Larger head width-across-flats (WAF) than standard hex — provides greater bearing area under the head, reducing contact stress on soft flange or structural faces. Per ASME B18.2.1 heavy hex series. Required for high-strength alloy grades (A193 B7) on pressure piping flanges.

High-Strength Structural Bolt (A325 / A490)

Hex bolt in medium-carbon (A325, F3125 Gr.A325) or alloy steel (A490, F3125 Gr.A490) with minimum UTS 830 MPa and 1040 MPa respectively. Used in preloaded (slip-critical) and snug-tight structural connections per AISC 360. Proof-load tested; supplied with matching A563 nut and F436 washer.

Tension Control (TC) Bolt

High-strength hex bolt with an integral spline end that shears off when target preload is achieved during installation — providing a visible, auditable preload indicator. Per ASTM F1852 (A325TC) and F2280 (A490TC). Eliminates torque wrench and calibration requirements; widely specified in structural steelwork erection.

Flange Head Hex Bolt (Hex Flange)

Integral washer-flange on the underside of the hex head — eliminates need for a separate washer. Often serrated to provide vibration loosening resistance. Common in machinery, automotive, and equipment assembly. Not typically used in pressure piping flange service but specified in machinery base frame bolting on EPC projects.
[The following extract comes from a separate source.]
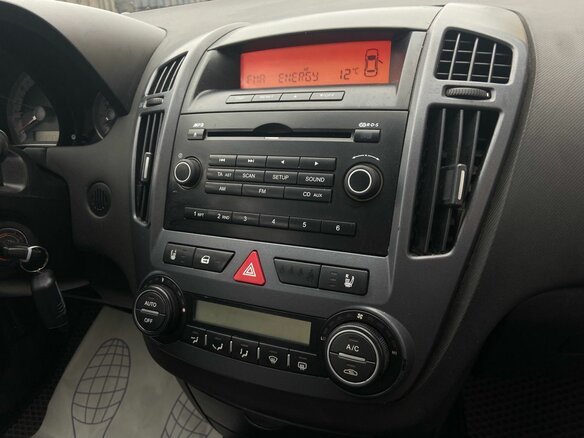 2008 Kia Ceed I, синий, 499000 рублей - вид 7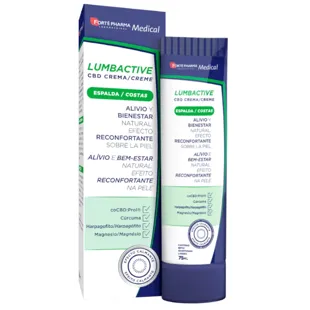 Forté Pharma Lumbactive CBD Cream 75 ml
1.3 — Hex Bolt vs Alternative Fastener Types: Engineering Selection Logic

Table 1.A — Hex Bolt vs Alternative Fastener Types: Key Engineering Parameters

Parameter	Hex Bolt	Stud Bolt	Socket Head Cap Screw	Carriage Bolt	Engineering Implication
Head geometry	Hexagonal — open / ring wrench	No head — two nuts	Hex socket — Allen key / bit	Dome — no wrench needed	Hex bolt: versatile wrench access
Clamping symmetry	Asymmetric (head / nut)	Symmetric (nut / nut)	Asymmetric	Asymmetric (dome / nut)	Stud bolt preferred for high-temp cycling
Load capacity	High — full shank section	High	Very high (alloy)	Moderate	All suitable for structural/mechanical
Head access space	Moderate (hex wrench space)	Both ends — nut space	Compact — recessed socket	None required	Socket head where hex clearance limited
Pressure piping flanges	Class 150–300 common	Standard Class 300–2500	Not standard	Not applicable	Stud bolt preferred above Class 600
Structural steel connections	Primary standard (A325/A490)	Rare	Not standard	Timber connections	Hex bolt is the structural standard
Tensioning method	Torque wrench / hydraulic / TC	Hydraulic tensioner / torque	Torque wrench	Torque wrench (nut only)	Hex bolt compatible with all tightening methods
Standards	ASME B18.2.1, ISO 4014/17, DIN 931/933	ASTM A193, DIN 976	ASME B18.3, DIN 912	ASME B18.5, DIN 603	Verify standard per project spec

1.4 — Bolt Preload Behaviour: Embedment, Thermal Cycling, Vibration

Embedment Relaxation

Surface asperities on thread flanks and under-head bearing faces plastically deform within the first 24–72 hours after installation, reducing effective preload by 5–15%. Re-torquing after initial embedment (snug check) is mandated by ASME PCC-1 and AISC 360 for critical joints. Heavy hex head bolts exhibit less embedment than standard hex due to larger bearing area.

Thermal Cycling

Temperature differential between bolt and connected members causes cyclic preload variation. In high-temperature service (above 250°C), creep of bolt material reduces sustained preload — ASTM A193 B7 or B16 grades with creep resistance must be specified. Retorquing at operating temperature is mandated in ASME B31.1 for hot piping flange joints.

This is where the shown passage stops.